Before starting I should say (so as not to drip feed) that I have borderline personality disorder which means I can struggle with relationships. This therefore may be impacting on my understanding of the below and so I am looking for other opinions.
When I was 17 I was in an abusive relationship for nearly 2 years. This was my first relationship. He was physically and emotionally abusive and isolated me from all my friends and family.
During this relationship he used to touch me sexually whilst I was sleeping. Due to having BPD I struggle to sleep and regularly take sleeping tablets and so sleep very deeply. I started having “dreams” that he was touching me and performing oral sex on me whilst masturbating. Initially I dismissed it as dreams but then one time woke up and caught him doing it.
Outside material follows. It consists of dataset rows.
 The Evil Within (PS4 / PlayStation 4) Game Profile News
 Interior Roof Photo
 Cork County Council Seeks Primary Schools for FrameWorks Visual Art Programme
When I woke up I was confused and didn’t say anything. I just pretended to still be asleep until he had finished. Later that day I challenged him about it but he denied it.
Anyway the relationship continued and this continued happening until I fell pregnant and I decided that I didn’t want my child to be born into an abusive relationship and left him.
3 years later I met my now husband. He is a good man and has never been abusive. I told him about my history from very early on and he was very supportive.
Then 6 months into the relationship I wake up and he was touching me sexually. Once again i just lay there and pretended to be asleep. Then I challenged him about it later and he admitted it and said he was sorry. I thought that was the end of it but it kept happening. By this time I had given up and just accepted it is something men do.
My relationship with my husband has recently ended, for other reasons, and I am left confused. I always hated how this sexual touching made me feel kind of used but am I over reacting? Is it normal sexual contact between two adults who are in an intimate relationship?
I am now single and don’t plan on having another relationship for a long time, if at all but there are things that I am so confused about and need to put to bed. Any insight anyone can give would be great.